→ Problem description
Each record must be written out again exactly. Skip any picture it contains.

(The input Opens)

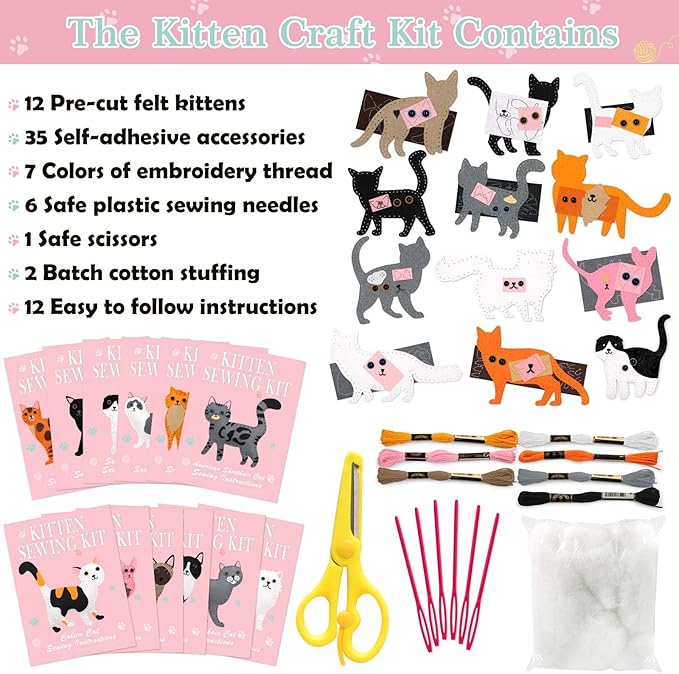 CiyvoLyeen Kitten Craft Kit Kids DIY Crafting and Sewing Set Kitty Cat Stuffed Animal Felt Plushies for Girls and Boys Educational Beginners Sewing Gift Ideas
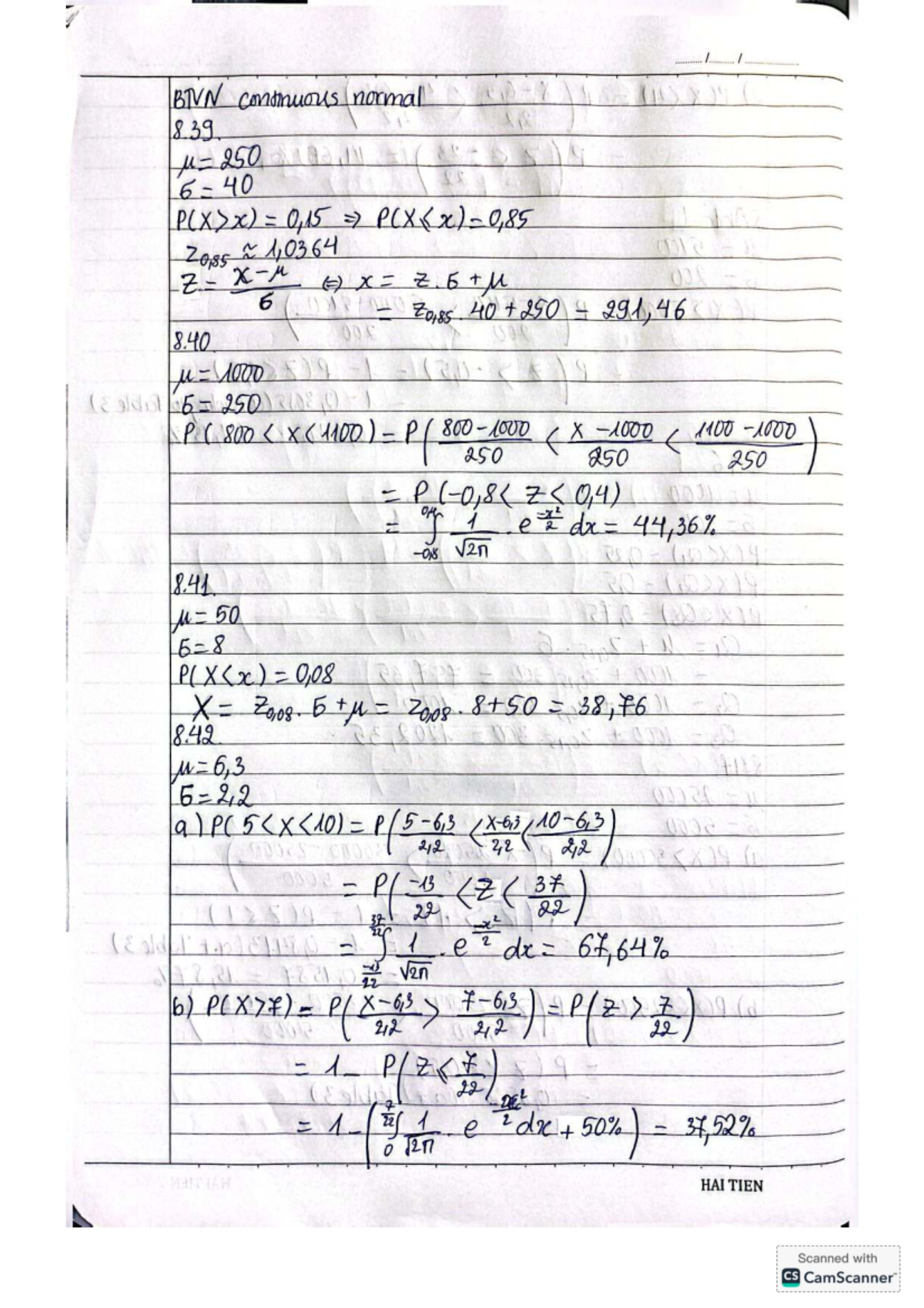 BTVN: BT Normal Distribution - Key Concepts and Examples - Studocu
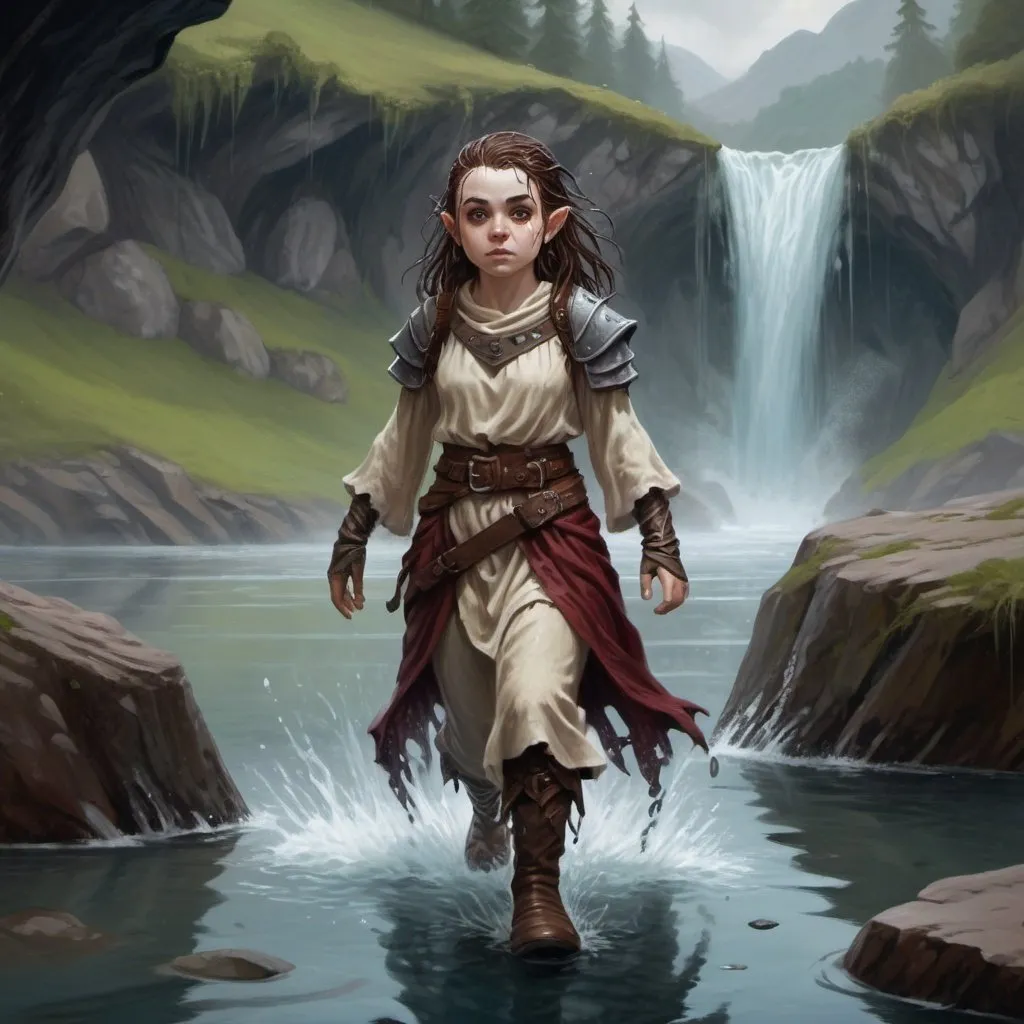 Prompt: Female halfling ghast, walking out of a lake, wet hair, wet clothing, waterfall in the background D&D 5e style, oil painting, D&D, DnD, Pathfinder, fantasy, style of D&D, style of Ravenloft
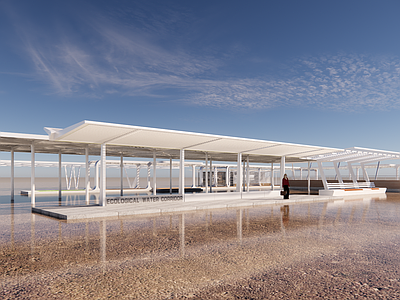 现代廊架 创意廊架 滨水长廊 蒙德里安文化长廊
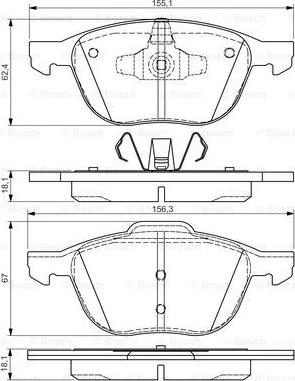 BOSCH 0 986 495 023 - Тормозные колодки, дисковые, комплект unicars.by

(The input Closes)

→ Problem solution
 CiyvoLyeen Kitten Craft Kit Kids DIY Crafting and Sewing Set Kitty Cat Stuffed Animal Felt Plushies for Girls and Boys Educational Beginners Sewing Gift Ideas
 BTVN: BT Normal Distribution - Key Concepts and Examples - Studocu
 Prompt: Female halfling ghast, walking out of a lake, wet hair, wet clothing, waterfall in the background D&D 5e style, oil painting, D&D, DnD, Pathfinder, fantasy, style of D&D, style of Ravenloft
 现代廊架 创意廊架 滨水长廊 蒙德里安文化长廊
 BOSCH 0 986 495 023 - Тормозные колодки, дисковые, комплект unicars.by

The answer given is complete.